Por otro lado, el acto tuvo varios guiños de Macri hacia los cordobeses. Antes que suba Macri al escenario, en los parlantes sonó “Soy Cordobés” de Rodrigo Bueno. Y ya con el micrófono en mano, el Presidente felicitó a los militantes que se acercaron: “Queridos cordobeses; qué ganas de ser, de crecer, de ser protagonistas. Cómo agradecerles”, dijo, en una de las referencias al público.

Luego, agregó: “Acá empezó todo, no me lo voy a olvidar más“.  “Miren todos los que son, apretémonos más para que todos estemos más cerca que nunca”, remarcó, al borde del llanto.

Grieta y más grieta

A Córdoba habían llegado la cúpula del equipo de campaña (Marcos Peña, Fernando De Andreis y Hernán Lombardi) quienes estuvieron, desde temprano, en la previa al acto. Casi con el tiempo justo, debajo de funcionarios y legisladores, también se hicieron presentes los gobernadores Gerardo Morales y Gustavo Valdés. Tanto Elisa Carrió como Alfredo Cornejo prefirieron seguir la trasmisión por la televisión o redes sociales.

Macri, al igual que en otras oportunidades, centró su discurso en un antagonismo entre Juntos por el Cambio y el Frente de Todos. Frases, sobran. “Nuestra propuesta no hace apología de la pobreza, nosotros vamos a integrar a la Argentina al mundo, y no con la Venezuela de Maduro, ni con Cuba”, expresó. Luego, indicó que “acá no hay colectivos” y “nadie les dio nada” para venir.

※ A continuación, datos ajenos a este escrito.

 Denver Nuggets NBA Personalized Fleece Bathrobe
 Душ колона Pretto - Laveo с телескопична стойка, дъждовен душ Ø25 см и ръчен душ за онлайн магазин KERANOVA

Sobre las PASO expresó que “sin querer dejamos un espacio vacío y lo ocuparon aquellos que quisieron ir por todo” “Aquellos también intentaron ir por nuestra libertad”, completó. Entre los cánticos de #SíSePuede y “Se da vuelta”, los cordobeses, cantaron, varias veces, “Que vaya presa“.

Los manifestantes en Córdoba. FOTO NA: REDIMAGEN

Pichetto y la perlita de Awada

El compañero de Macri hizo referencia a que Cristina Kirchner abandonó a Córdoba” en momentos difíciles y reiteró que “nunca vino a disculparse con el pueblo de Córdoba” mientras que Alberto Fernández “vino a apretar al gobernador”. Luego, volvió a cargar contra un blanco predilecto: Juan Grabois. “No queremos esa patria”, expresó.

Awada, por último, volvió a tener un lugar importante en el acto. Luego de cantar el feliz cumpleaños a Pichetto, la primera dama indicó que agredeció a Córdoba y repitió el slogan de la maratón de los 30 días. “Siempre unidos por los mismos valores, con respeto, con amor, sobre todo con mucho amor. Por nosotros, por nuestros hijos, por el futuro de nuestro país y por nuestra querida Argentina. Vamos, sí se puede”.